Kern zeigt sich in „Kern“ schon in der ersten Szene in seiner Lieblingsrolle als notorischer Nörgler und Choleriker: „Ein Fuchtelfilm“, sei das, von Filmemachern, die keine Ahnung haben von dem, was sie tun. Die Grenzen zwischen den Machern und dem Protagonisten sind allerdings nie klar gezogen.

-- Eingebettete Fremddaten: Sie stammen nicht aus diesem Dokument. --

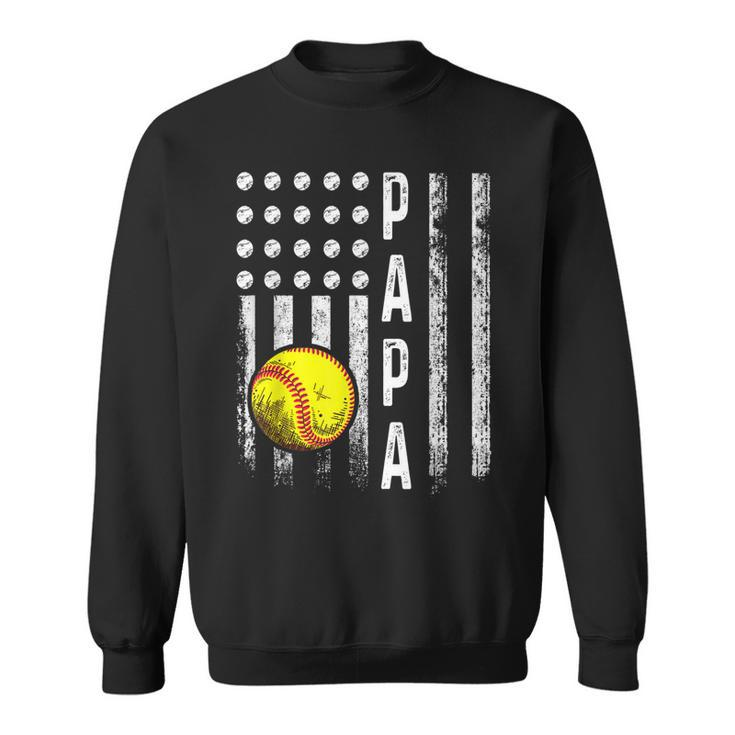 Softball Papa American Flag Vintage Softball Lovers  Sweatshirt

So sehr die Kamera zum Hassobjekt wird, so notwendig wird sie für Kern zur (viel zu) verführerischen Bühne, auf der er singt, schreit, weint, tanzt und von seinem Leben erzählt.

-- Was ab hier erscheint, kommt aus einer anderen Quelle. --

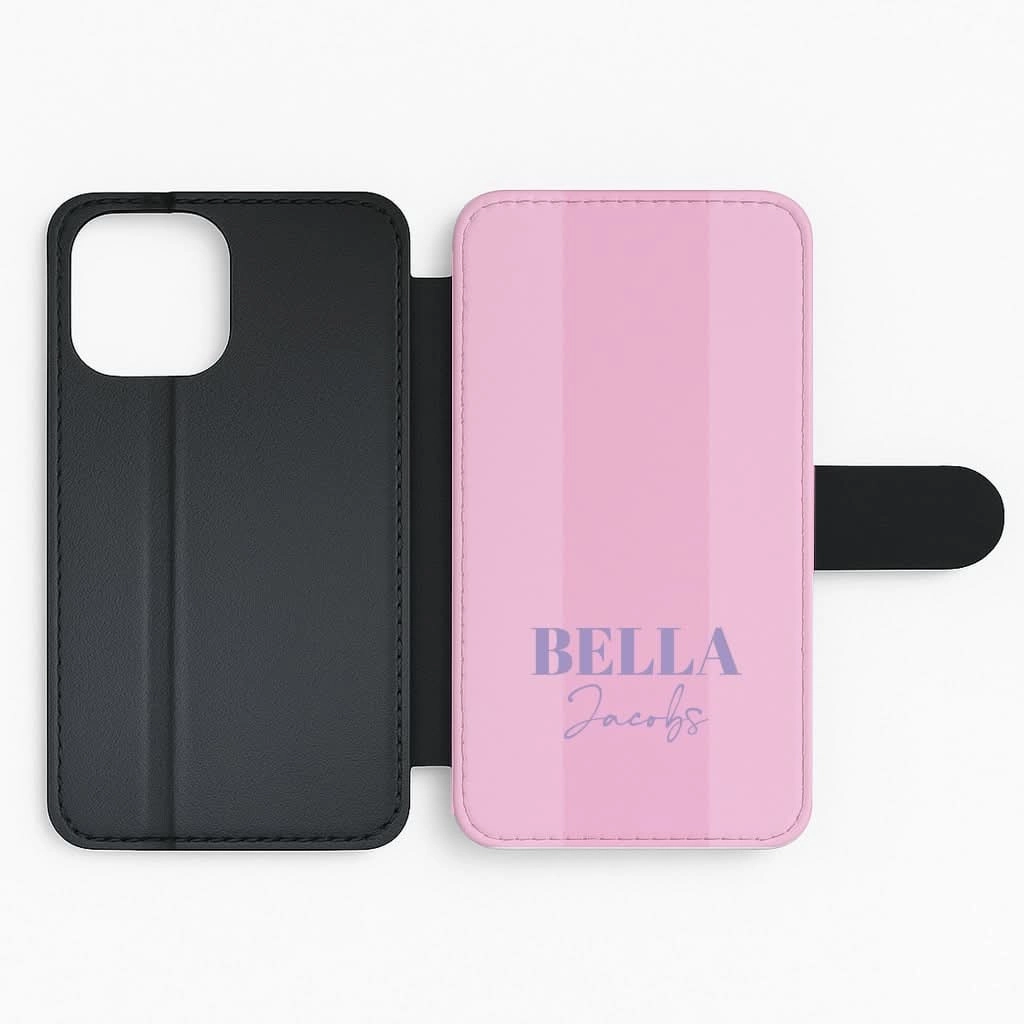 Wear resistant Pink Stripe Personalised Name Flip / Wallet Phone Case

Das ist nicht nur sehr unterhaltsam, es bildet Kern auch in all seiner Maßlosigkeit als Schmerzensmann ab, der im Mittelpunkt eines radikal persönlichen Kunstprojekts steht.

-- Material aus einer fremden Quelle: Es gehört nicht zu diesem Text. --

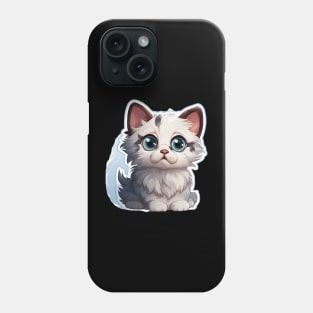 Mysterious Cat with White Fur and Blue Shadow Phone Case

Dokumentarisch ist kostengünstig

Der Dokumentarfilm ist im gegenwärtigen österreichischen Kino nicht nur besonders stark, auch die Anzahl der Arbeiten nimmt jährlich zu. Das liegt paradoxerweise auch an der Stagnation staatlicher Fördermittel, denn dokumentarisch zu arbeiten ist viel kostengünstiger. Etliche Filmemacher einer jüngeren Generation zeigen sich formal außerdem wendig und probieren unterschiedliche Formate und Genres aus.

Dariusz Kowalski war bisher für experimentelle Arbeiten bekannt, in „Richtung Nowa Huta“ bewegt er sich nun in die polnische Stadt seiner Jugend zurück, die ob ihrer Stahlproduktionsstätten auch für die Solidarnosc-Bewegung von 1989 Bedeutung erlangt hat. Die besondere Qualität dieses Films liegt in seiner konzeptuellen Idee, Vergangenheit nur in davon durchzogenen Gegenwarten zu zeigen.

Auf die persönlichen Anknüpfungspunkte verzichtet Kowalski beinahe ausschließlich. Von Touristen-Guides, die an Schauplätze der Revolution führen, über in Fotografien konkretisierte Erinnerungen der Vätergeneration bis zu ganz im nebulösen Heute versunkenen Teenagern erzählt dieser Film auf eine nüchtern-beobachtende Weise. Die ideologische Ablöse – statt der Kommunismus stiftet mittlerweile der Katholizismus die Ikonen – gerät dabei ganz selbstverständlich und trotzdem wie nebenbei ins Bild. Hier erscheinen die Zeiten endlich im Fluss.